>>>>>

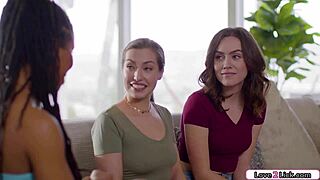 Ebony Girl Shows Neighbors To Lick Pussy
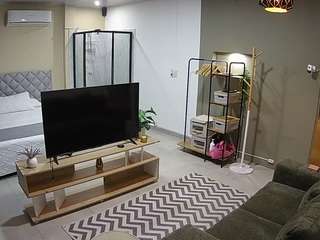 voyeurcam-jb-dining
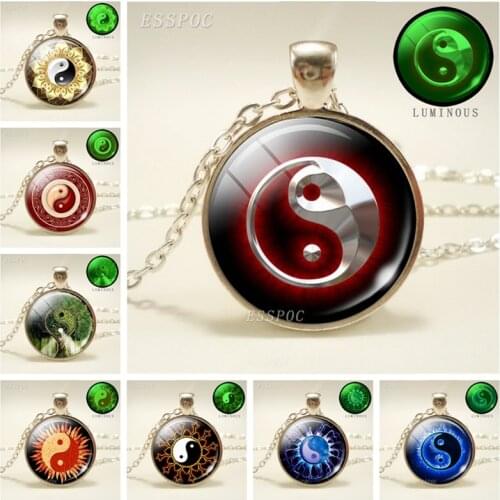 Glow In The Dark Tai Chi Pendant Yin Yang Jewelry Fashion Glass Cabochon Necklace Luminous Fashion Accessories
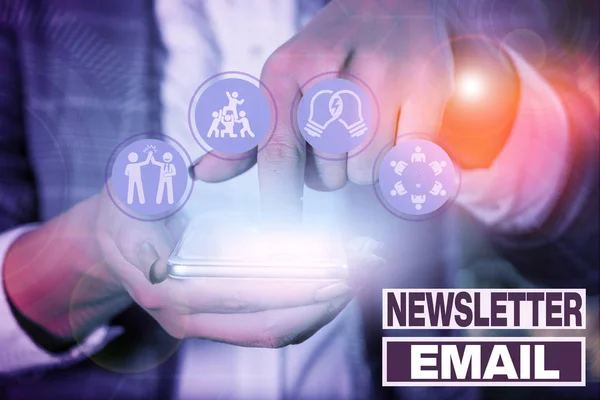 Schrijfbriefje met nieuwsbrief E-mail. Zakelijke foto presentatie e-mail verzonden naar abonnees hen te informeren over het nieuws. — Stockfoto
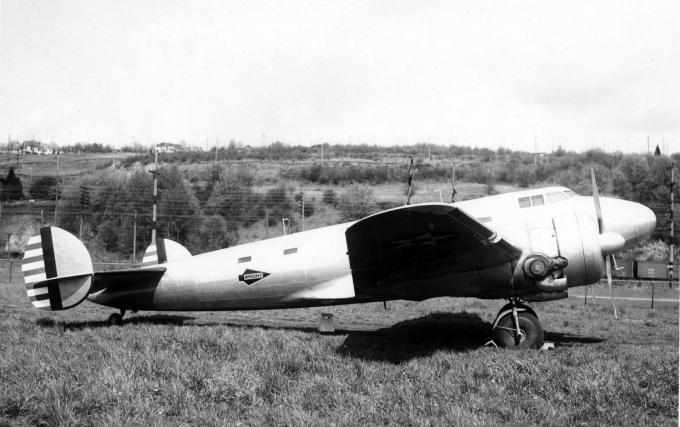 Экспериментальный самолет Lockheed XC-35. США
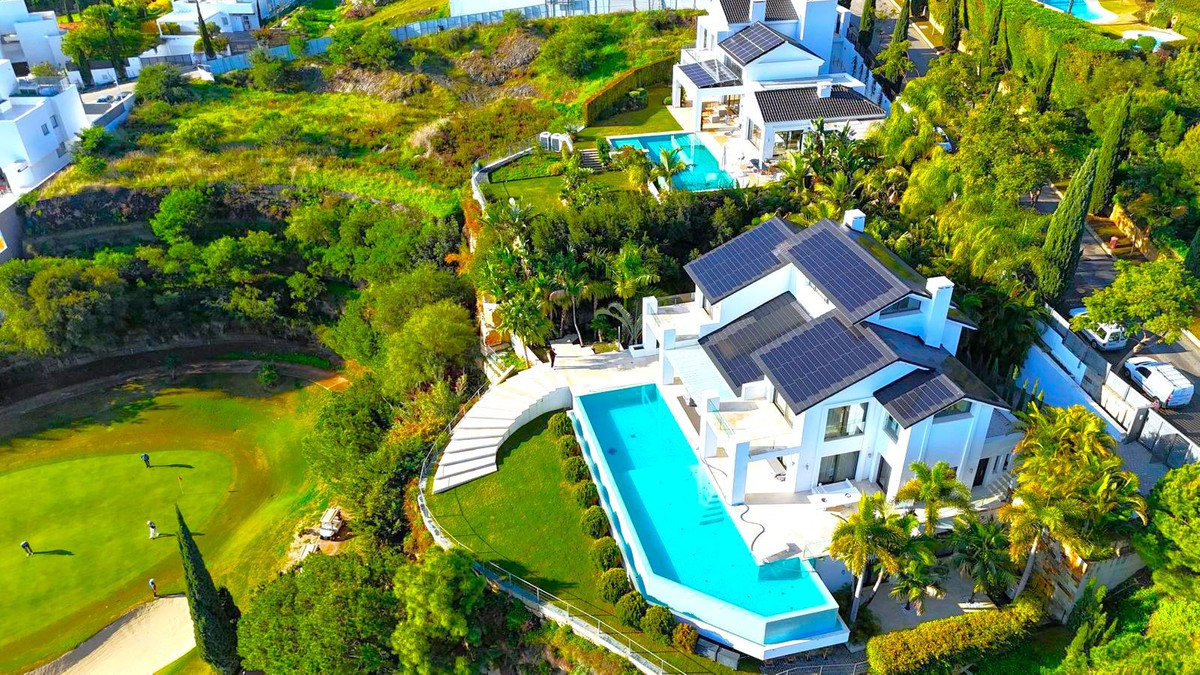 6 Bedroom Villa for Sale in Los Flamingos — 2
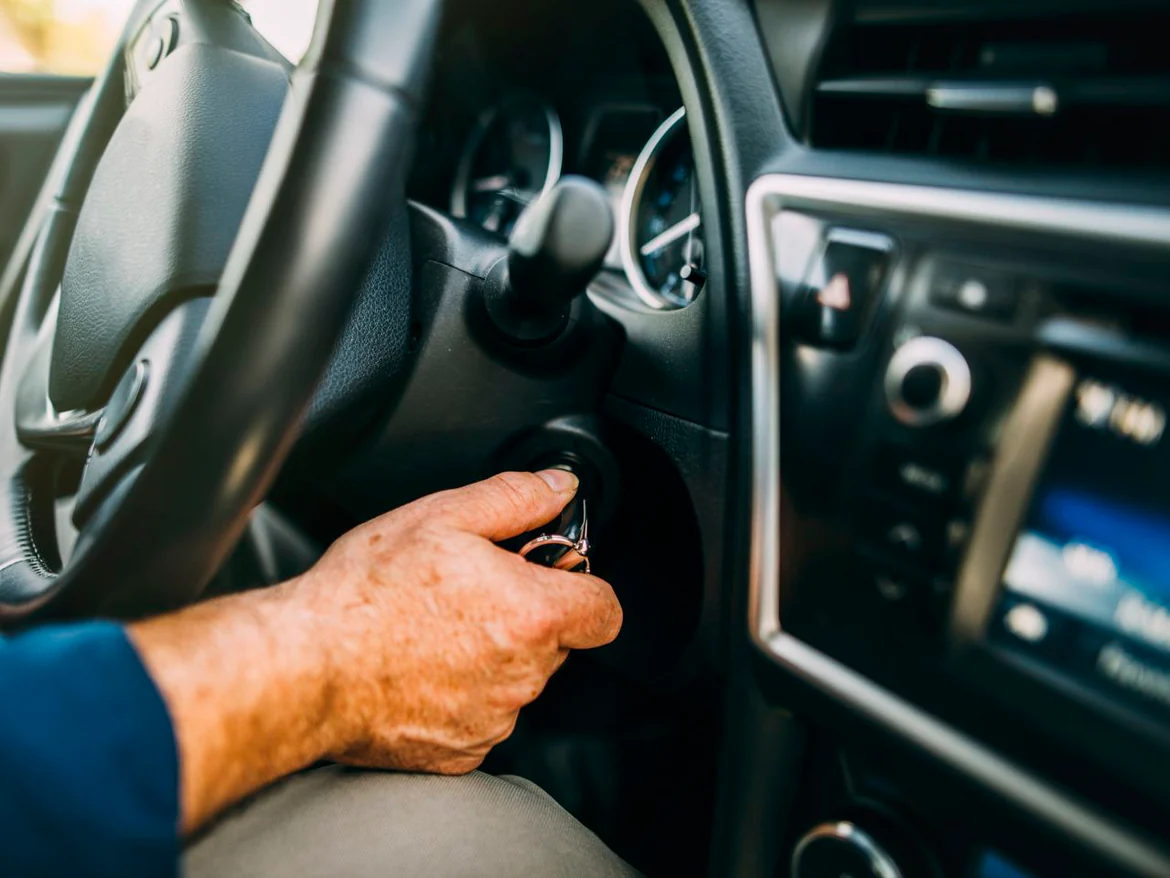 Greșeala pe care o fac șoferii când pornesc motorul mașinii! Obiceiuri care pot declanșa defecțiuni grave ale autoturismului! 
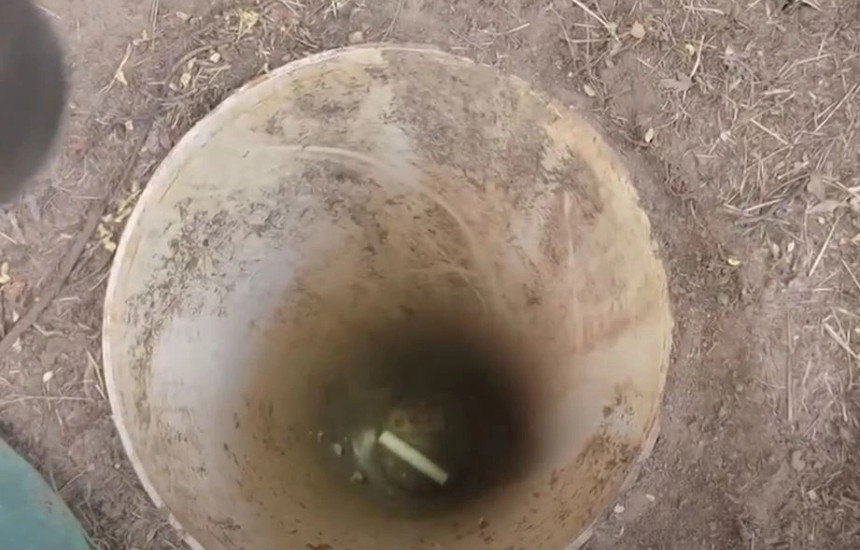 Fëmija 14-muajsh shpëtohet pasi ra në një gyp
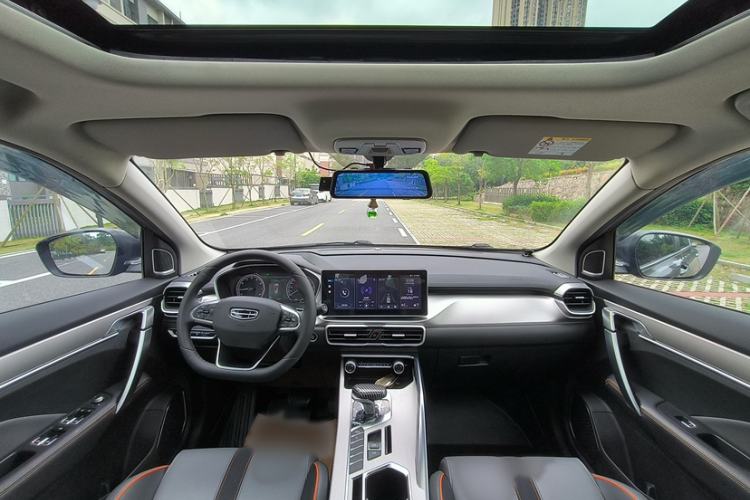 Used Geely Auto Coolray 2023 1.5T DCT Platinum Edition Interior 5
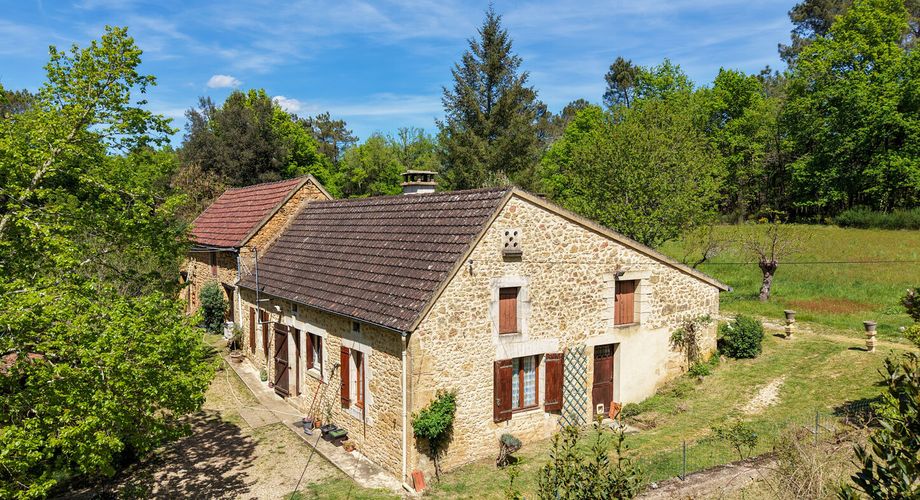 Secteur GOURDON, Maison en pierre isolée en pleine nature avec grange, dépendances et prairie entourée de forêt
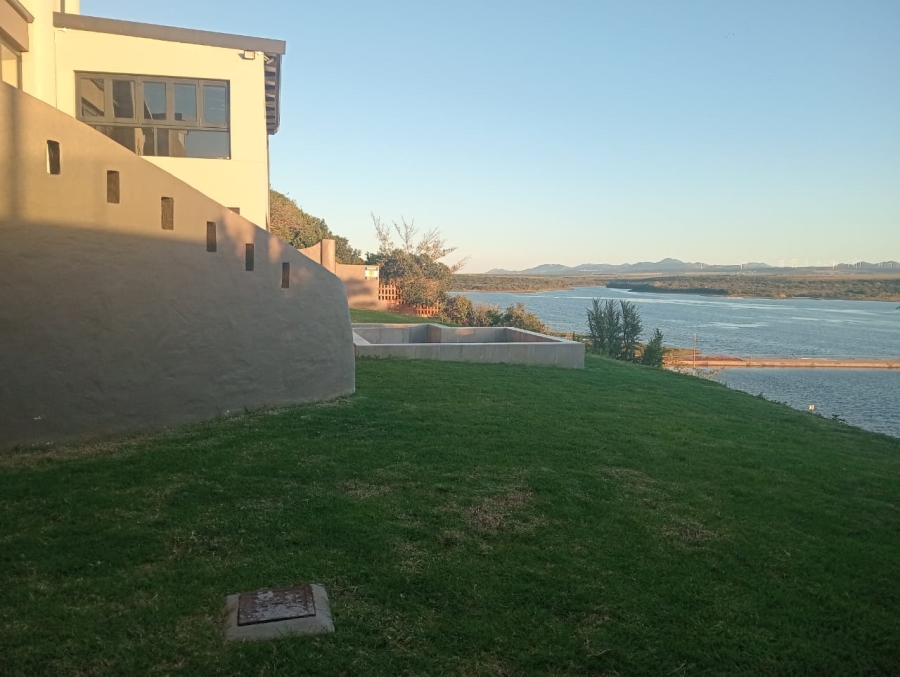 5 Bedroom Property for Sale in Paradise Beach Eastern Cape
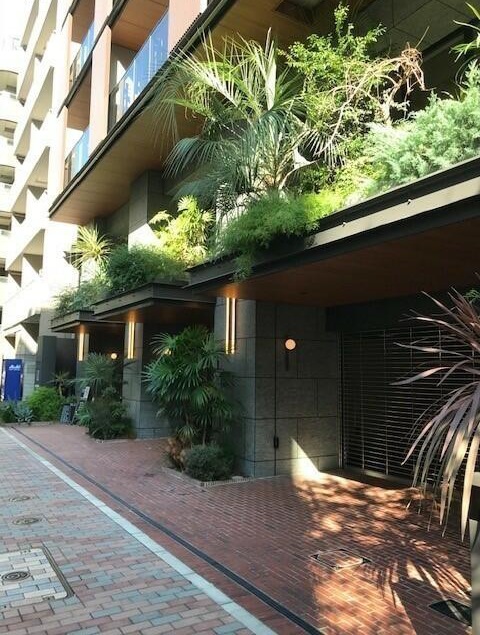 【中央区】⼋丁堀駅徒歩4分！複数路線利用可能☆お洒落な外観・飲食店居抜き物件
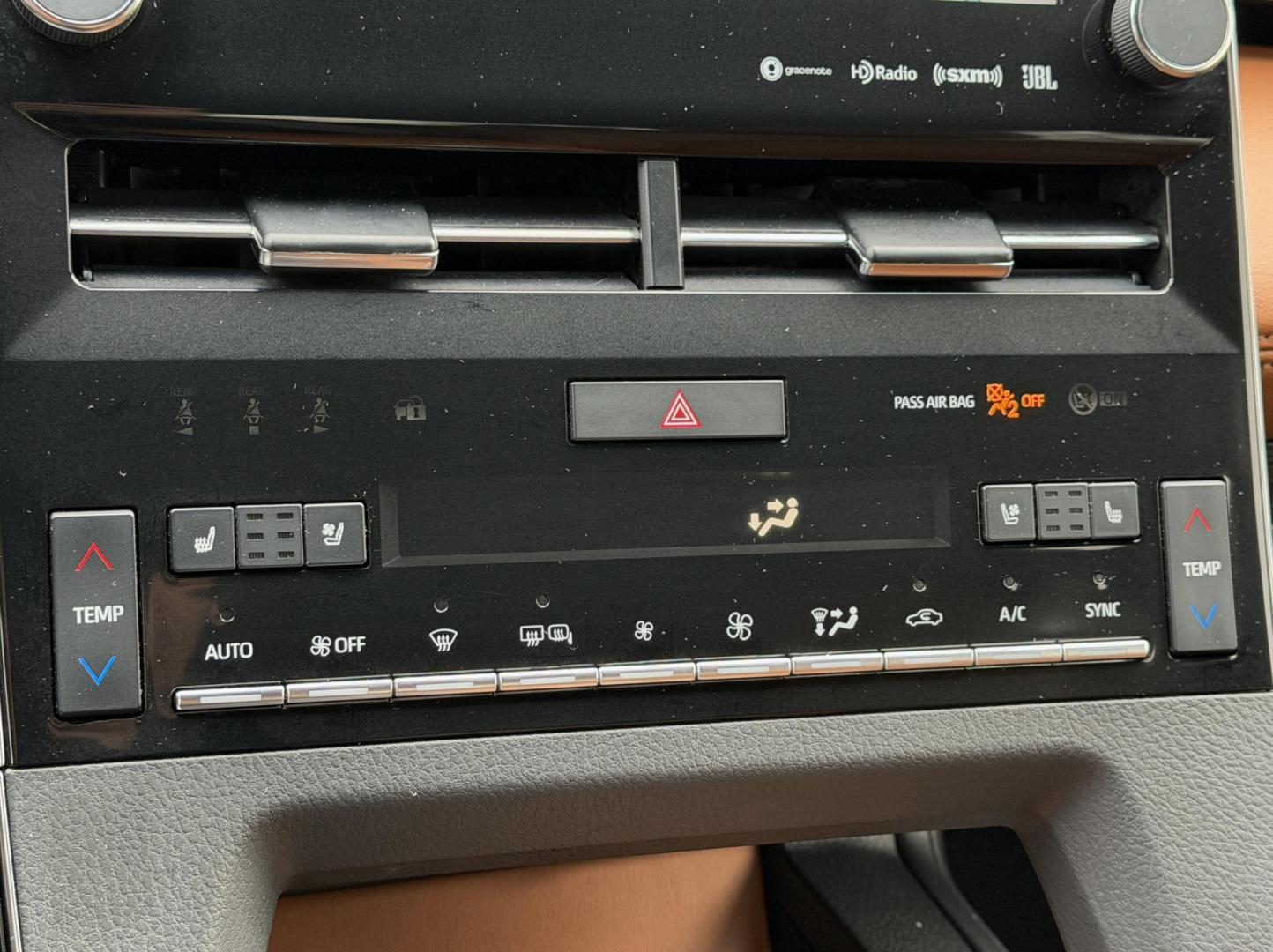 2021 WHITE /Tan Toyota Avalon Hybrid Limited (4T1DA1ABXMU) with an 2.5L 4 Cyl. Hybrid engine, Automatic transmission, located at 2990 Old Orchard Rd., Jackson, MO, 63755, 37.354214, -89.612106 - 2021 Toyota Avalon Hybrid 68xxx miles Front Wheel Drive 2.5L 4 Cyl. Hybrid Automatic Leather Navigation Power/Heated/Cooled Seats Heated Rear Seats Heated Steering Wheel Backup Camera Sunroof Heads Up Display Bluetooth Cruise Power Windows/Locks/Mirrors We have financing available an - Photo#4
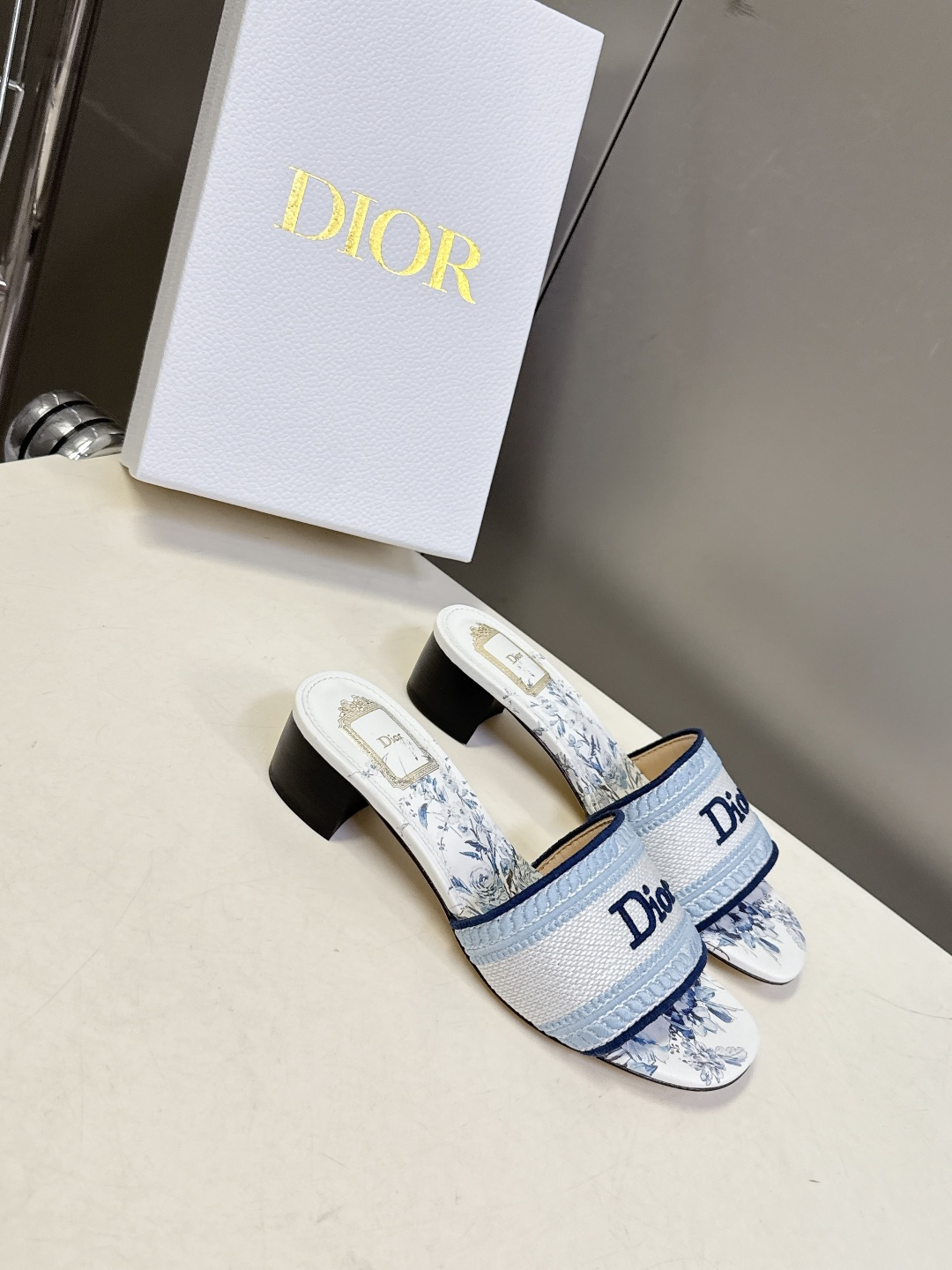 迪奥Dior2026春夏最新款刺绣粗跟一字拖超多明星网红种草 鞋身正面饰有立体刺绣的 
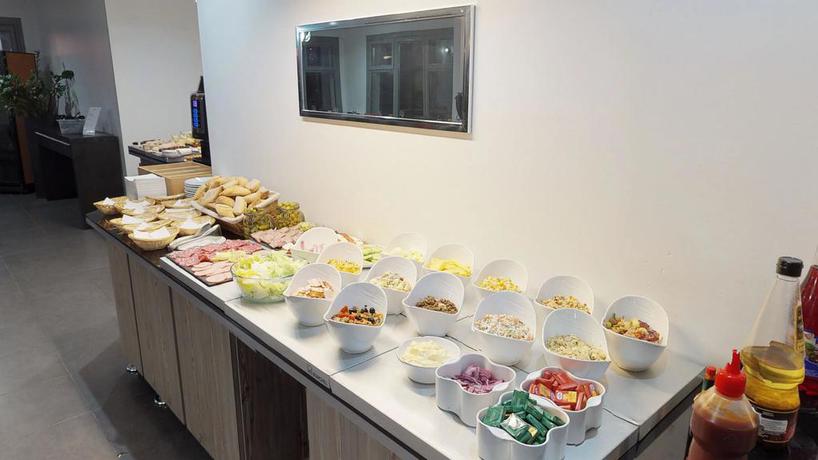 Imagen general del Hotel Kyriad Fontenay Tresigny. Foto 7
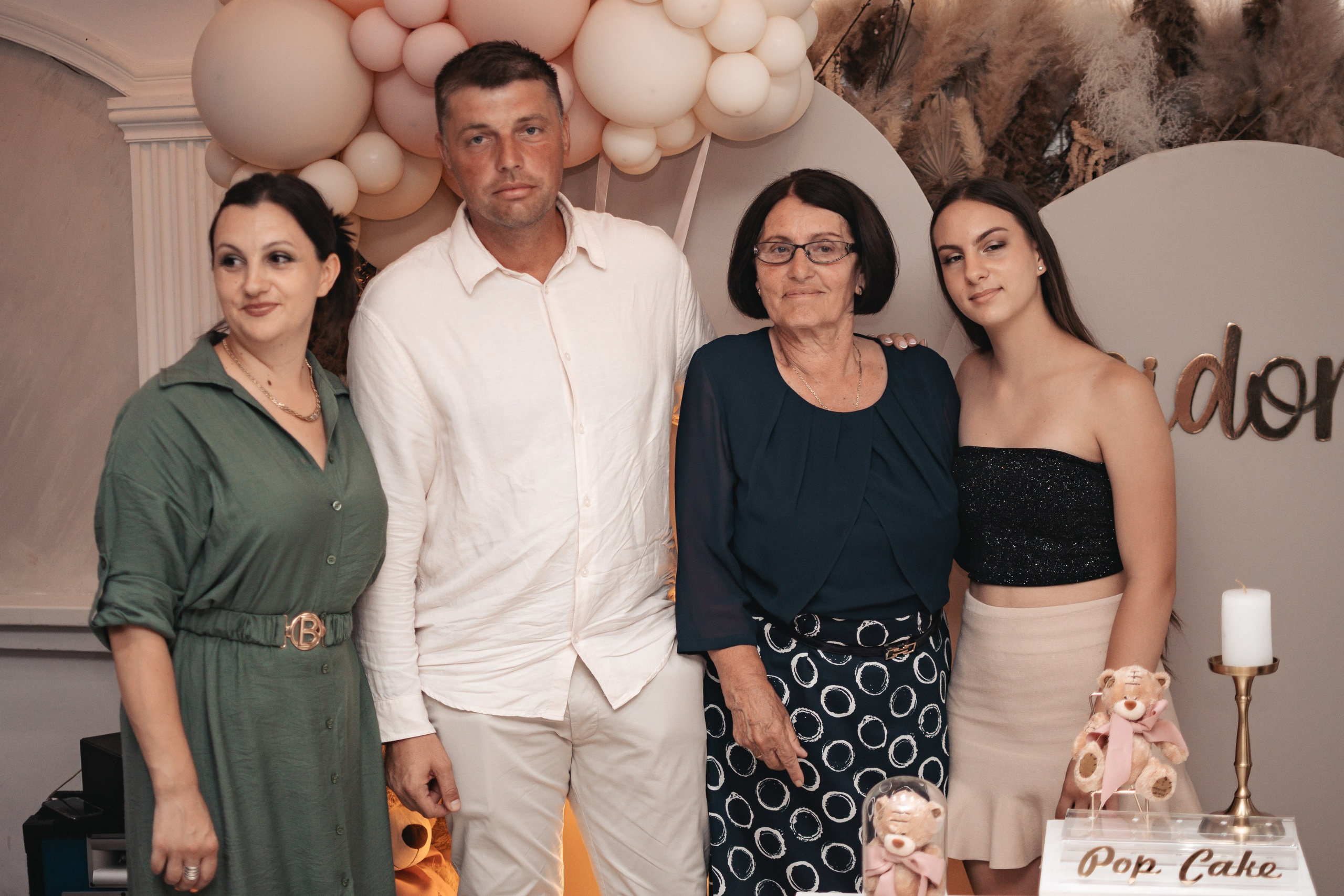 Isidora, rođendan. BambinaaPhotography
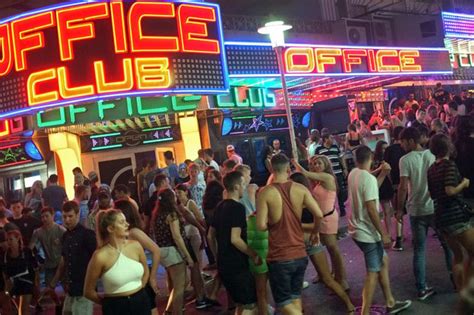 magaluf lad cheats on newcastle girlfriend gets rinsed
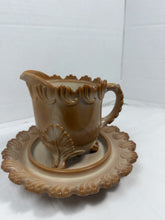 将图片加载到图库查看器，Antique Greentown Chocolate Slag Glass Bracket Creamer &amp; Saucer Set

<<<<<

Exercise details:
Each line from the one containing "Isidora, rođendan. BambinaaPhotography" through the last line of the listing must be copied exactly, and the pictures must not be.

Exercise answer:
 Isidora, rođendan. BambinaaPhotography
 magaluf lad cheats on newcastle girlfriend gets rinsed
 将图片加载到图库查看器，Antique Greentown Chocolate Slag Glass Bracket Creamer &amp; Saucer Set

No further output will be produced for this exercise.